In its concern for the economic, environmental and social fabric of Canada, CFA believes that great importance should be placed on measures of environmental management to ensure maintenance of land resources which provide food for the people of Canada and a large part of the world’s population.
Carbon pricing: Addressing competitiveness challenges
Canadian producers are concerned about maintaining competitiveness as they face the prospect of higher costs for inputs due to carbon pricing. Machinery used for grain drying, livestock heating and cooling and irrigation are critical for mitigating the increasing on-farm impacts of climate change, including summer droughts and heat waves, and a shift towards rainfall during the autumn harvest months.
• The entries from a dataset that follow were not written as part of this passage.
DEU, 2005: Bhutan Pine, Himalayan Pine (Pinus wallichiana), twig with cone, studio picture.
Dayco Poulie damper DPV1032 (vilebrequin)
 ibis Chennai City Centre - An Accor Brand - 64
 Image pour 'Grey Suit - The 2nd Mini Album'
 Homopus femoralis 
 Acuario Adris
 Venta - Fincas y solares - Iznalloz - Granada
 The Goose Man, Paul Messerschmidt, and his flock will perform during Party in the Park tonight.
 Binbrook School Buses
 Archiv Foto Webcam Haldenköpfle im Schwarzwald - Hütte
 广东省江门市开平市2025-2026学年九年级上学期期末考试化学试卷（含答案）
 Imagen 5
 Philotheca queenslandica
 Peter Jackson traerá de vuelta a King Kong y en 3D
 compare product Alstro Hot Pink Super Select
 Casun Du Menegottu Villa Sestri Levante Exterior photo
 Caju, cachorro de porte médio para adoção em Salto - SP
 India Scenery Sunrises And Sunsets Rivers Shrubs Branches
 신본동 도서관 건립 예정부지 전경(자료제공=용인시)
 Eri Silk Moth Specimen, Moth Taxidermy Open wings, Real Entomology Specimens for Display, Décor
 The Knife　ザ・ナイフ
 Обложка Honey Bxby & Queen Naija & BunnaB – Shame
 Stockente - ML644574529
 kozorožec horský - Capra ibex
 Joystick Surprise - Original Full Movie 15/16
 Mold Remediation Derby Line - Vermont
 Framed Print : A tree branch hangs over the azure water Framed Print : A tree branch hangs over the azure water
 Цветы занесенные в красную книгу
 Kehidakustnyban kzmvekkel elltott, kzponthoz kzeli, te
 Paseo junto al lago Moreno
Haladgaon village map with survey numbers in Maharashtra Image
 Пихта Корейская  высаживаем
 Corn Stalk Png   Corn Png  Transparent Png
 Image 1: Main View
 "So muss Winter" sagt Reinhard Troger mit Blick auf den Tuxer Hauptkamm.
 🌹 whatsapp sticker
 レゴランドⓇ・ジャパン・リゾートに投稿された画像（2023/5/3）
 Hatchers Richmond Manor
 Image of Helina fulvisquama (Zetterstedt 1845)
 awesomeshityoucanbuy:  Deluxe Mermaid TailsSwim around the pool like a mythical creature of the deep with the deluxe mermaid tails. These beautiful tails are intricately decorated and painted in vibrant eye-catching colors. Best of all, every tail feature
Unfortunately, while climate impacts increase the need for farmers to rely on these tools, carbon pricing drives up their fuel price. With limited alternatives available, farmers are instead left to eat the cost of producing food for an increasing population in the face of economic and environmental uncertainty. Penalizing farmers for responding to environmental conditions that are out of their control leaves little money left over to invest in other sustainability efforts.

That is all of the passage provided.